U.S. Educational Grading System is Hindering Innovation and Progress
Quite fascinating study highlighted by NYTimes (NYSE:NYT) Economix on the rampant grade inflation in the USA the past 50 years or so. A huge amount of ‘C’s’ have migrated to ‘A’s’. The reasons for this are subjective but the implications are quite obvious.
- We’ve written before about some of the work of Stuart Rojstaczer and Christopher Healy, grade inflation chroniclers extraordinaire. They have put together a new, comprehensive study of college grading over the decades, and let me tell you, it is a doozy.
- The researchers collected historical data on letter grades awarded by more than 200 four-year colleges and universities. Their analysis (published in the Teachers College Record) confirm that the share of A grades awarded has skyrocketed over the years. Take a look at the red line in the chart below, which refers to the share of grades given that are A’s:
- Most recently, about 43 percent of all letter grades given were A’s, an increase of 28 percentage points since 1960 and 12 percentage points since 1988. The distribution of B’s has stayed relatively constant; the growing share of A’s instead comes at the expense of a shrinking share of C’s, D’s and F’s. In fact, only about 10 percent of grades awarded are D’s and F’s.
- As we have written before, private colleges and universities are by far the biggest offenders on grade inflation, even when you compare private schools to equally selective public schools. Here’s another chart showing the grading curves for public versus private schools in the years 1960, 1980 and 2007:
- As you can see, public and private school grading curves started out as relatively similar, and gradually pulled further apart. Both types of institutions made their curves easier over time, but private schools made their grades much easier.
- By the end of the last decade, A’s and B’s represented 73 percent of all grades awarded at public schools, and 86 percent of all grades awarded at private schools, according to the database compiled by Mr. Rojstaczer and Mr. Healy. (Mr. Rojstaczer is a former Duke geophysics professor, and Mr. Healy is a computer science professor at Furman University.)
- Southern schools have also been less generous with their grading than institutions in other geographic regions, and schools that focus on science and engineering tend to be stingier with their A’s than liberal arts schools of equal selectivity.
What accounts for the higher G.P.A.’s over the last few decades?
- The authors don’t attribute steep grade inflation to higher-quality or harder-working students. In fact, one recent study found that students spend significantly less time studying today than they did in the past.
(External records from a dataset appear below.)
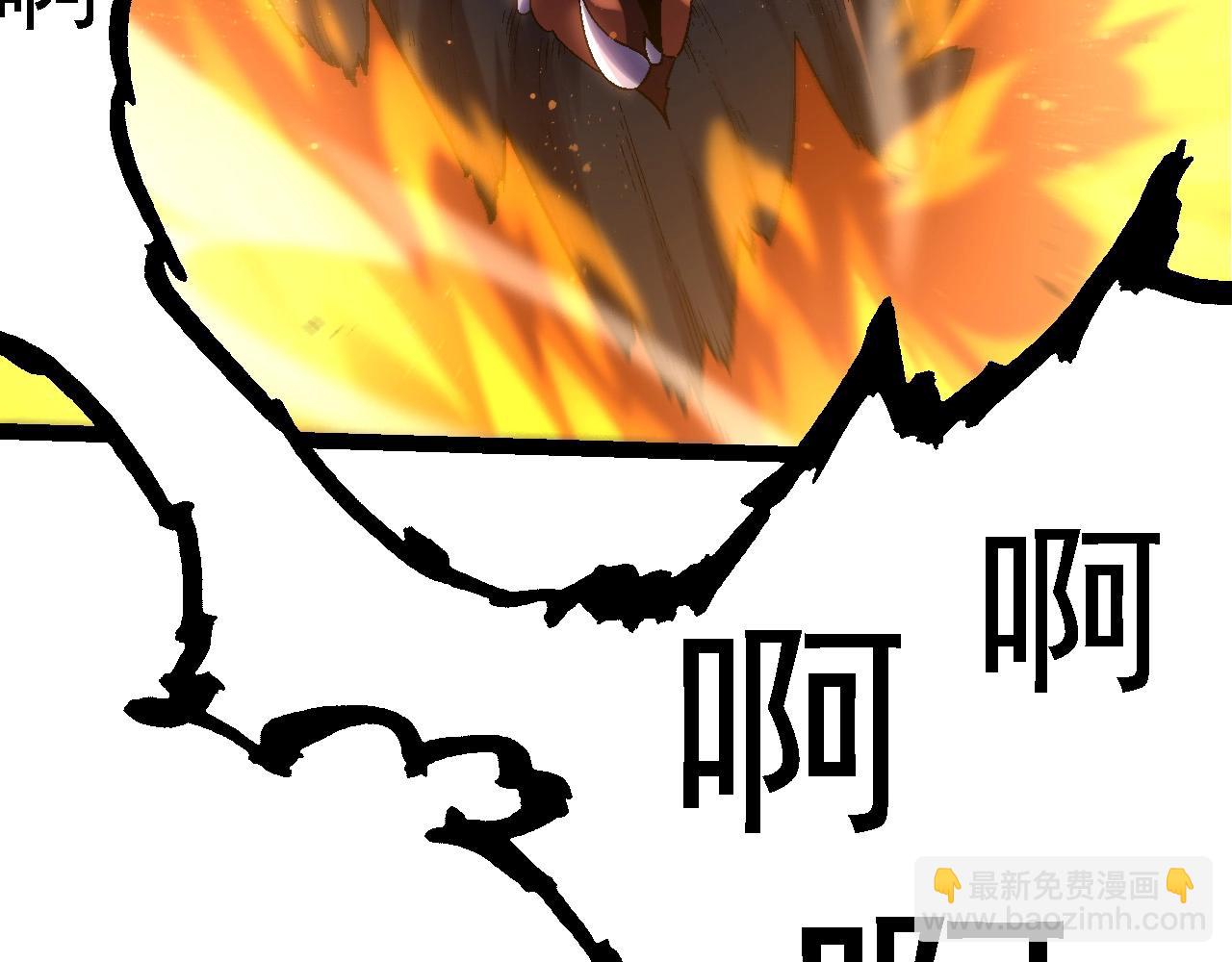 第 88 页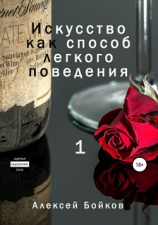 читать Искусство как способ легкого поведения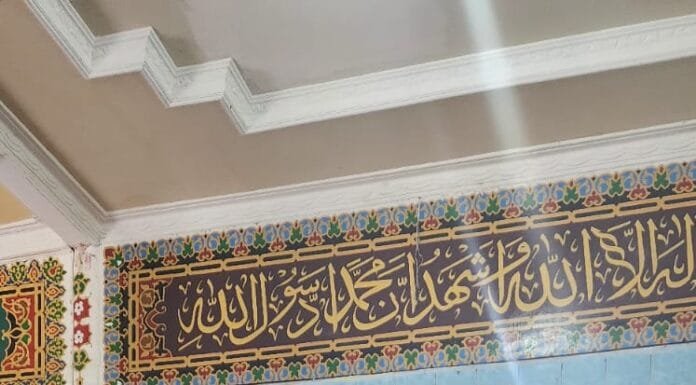 Bupati Pasbar Tancap Gas! Yulianto Dan Kapolres Pasbar Melakukan Safari Ramadhan Bersama Sekaligus Monitoring Menjelang Lebaran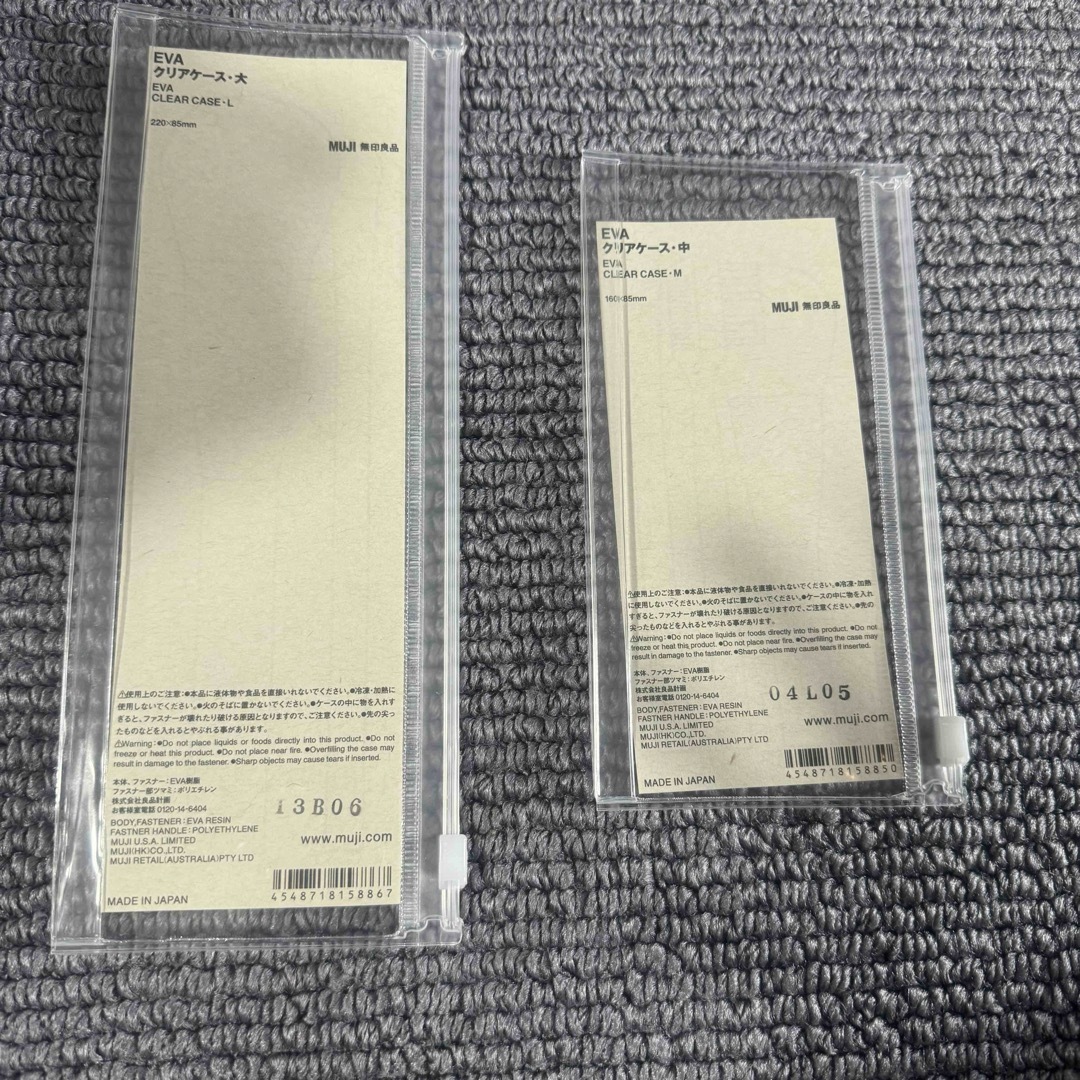 MUJI (無印良品)(ムジルシリョウヒン)の→新品〒無印良品 EVAクリアケース 大3つ、中2つ インテリア/住まい/日用品の日用品/生活雑貨/旅行(日用品/生活雑貨)の商品写真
- Rather, the researchers argue that grade inflation began picking in the 1960s and 1970s probably because professors were reluctant to give students D’s and F’s. After all, poor grades could land young men in Vietnam.
- They then attribute the rapid rise in grade inflation in the last couple of decades to a more “consumer-based approach” to education, which they say “has created both external and internal incentives for the faculty to grade more generously.” More generous grading can produce better instructor reviews, for example, and can help students be more competitive candidates for graduate schools and the job market.
- The authors argue that grading standards may become even looser in the coming years, making it increasingly more difficult for graduate schools and employers to distinguish between excellent, good and mediocre students.
- More disturbing, they argue, are the potential effects on educational outcomes. “When college students perceive that the average grade in a class will be an A, they do not try to excel,” they write. “It is likely that the decline in student study hours, student engagement, and literacy are partly the result of diminished academic expectations.”